* Work required: Leave out the pictures, and copy exactly the lines from the line with "Pactos y Señales: experiencias" through the last line of the data below.

* Data shown:
Segment Open

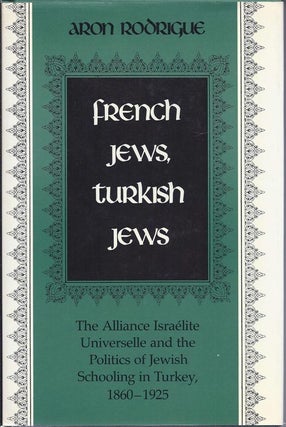 Item 4865. FRENCH JEWS, TURKISH JEWS: THE ALLIANCE ISRAÉLITE UNIVERSELLE AND THE POLITICS OF JEWISH SCHOOLING IN TURKEY, 1860-1925.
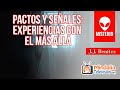 Pactos y Señales: experiencias con el Más Allá de J.J. Benítez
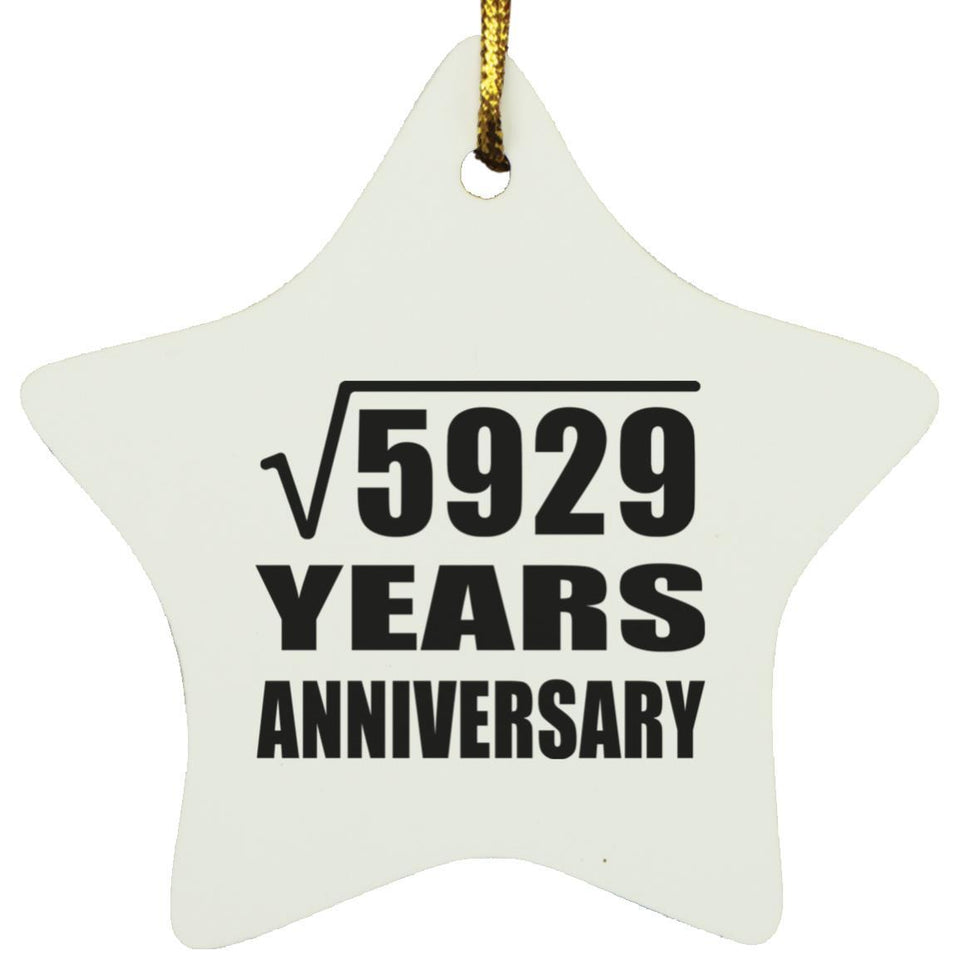 77th Anniversary Square Root of 5929 Years Anniversary - Star Ornament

Segment Closed

* Result:
 Pactos y Señales: experiencias con el Más Allá de J.J. Benítez
 77th Anniversary Square Root of 5929 Years Anniversary - Star Ornament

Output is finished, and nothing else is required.